▶ [Input records]
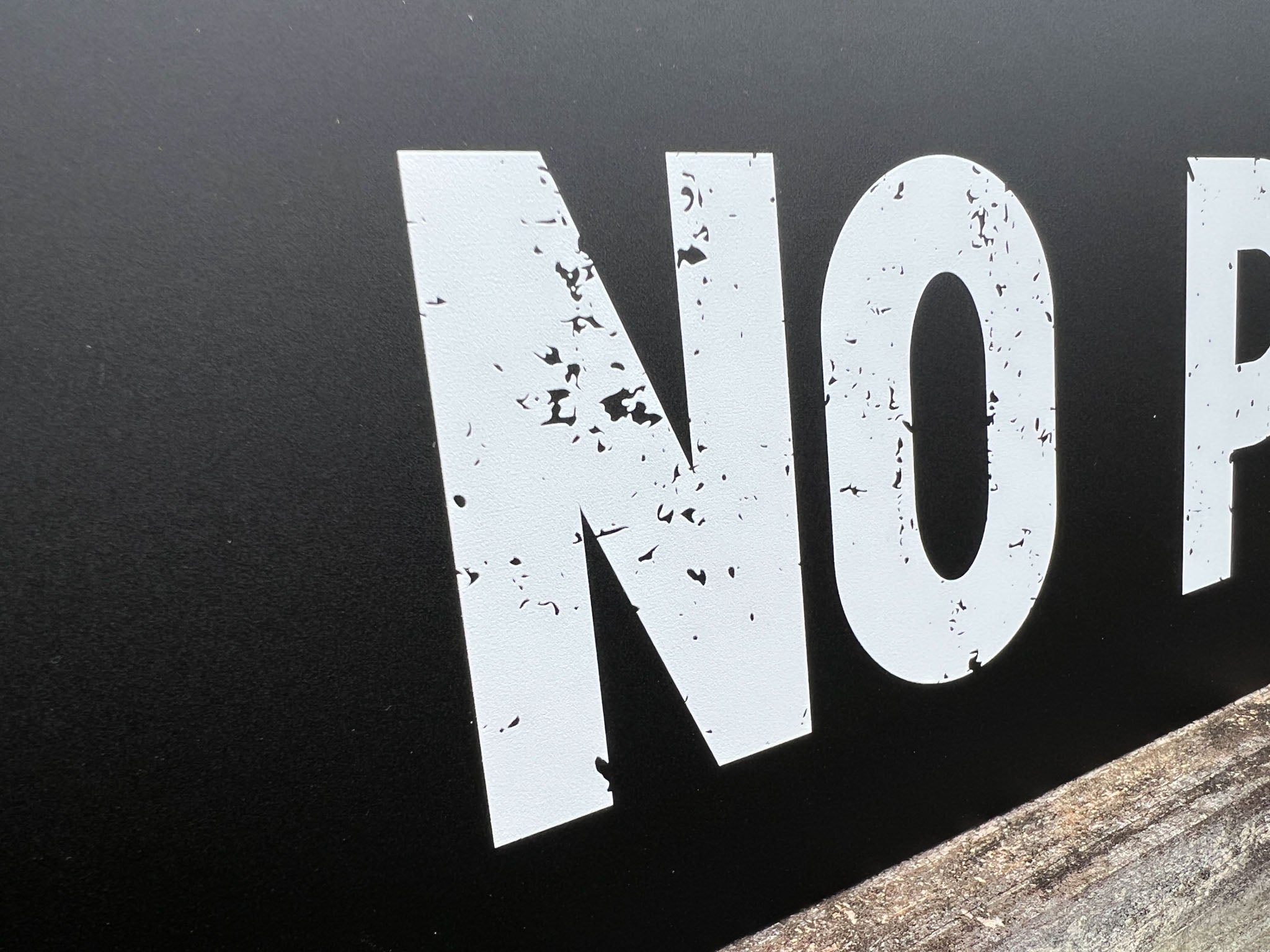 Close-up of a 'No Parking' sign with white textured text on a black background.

==

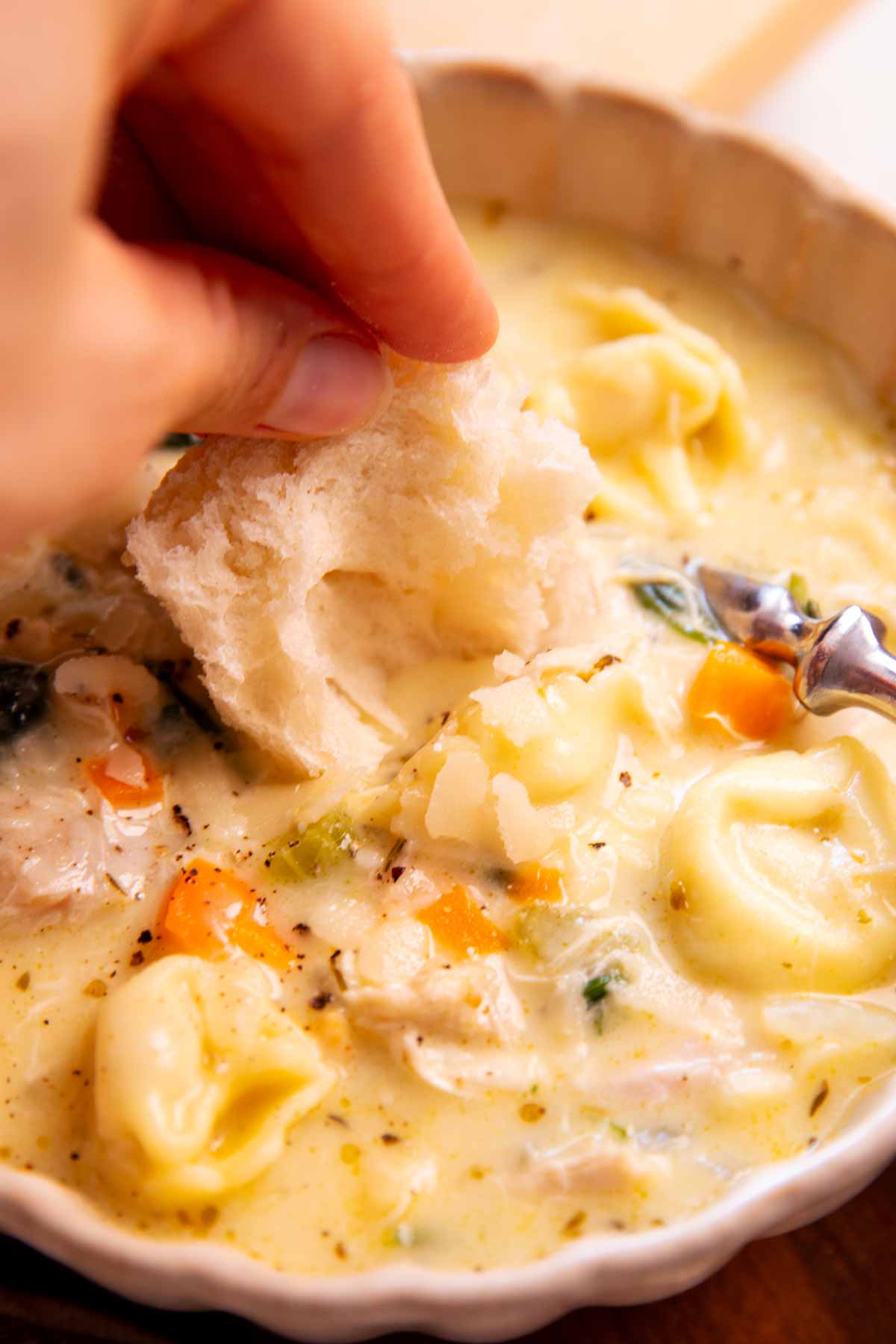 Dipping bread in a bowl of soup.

...

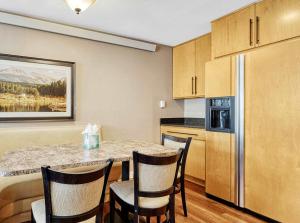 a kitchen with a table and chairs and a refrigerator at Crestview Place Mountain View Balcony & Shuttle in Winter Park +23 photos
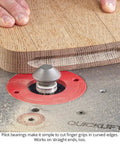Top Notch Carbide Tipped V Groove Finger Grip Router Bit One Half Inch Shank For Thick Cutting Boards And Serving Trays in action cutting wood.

▶ [Task requirements]
Write out word for word the lines of the listing above from the line with "a kitchen with" to the line with "Top Notch Carbide", taking in both of those lines but no pictures.

▶ [Result]
 a kitchen with a table and chairs and a refrigerator at Crestview Place Mountain View Balcony & Shuttle in Winter Park +23 photos
Top Notch Carbide Tipped V Groove Finger Grip Router Bit One Half Inch Shank For Thick Cutting Boards And Serving Trays in action cutting wood.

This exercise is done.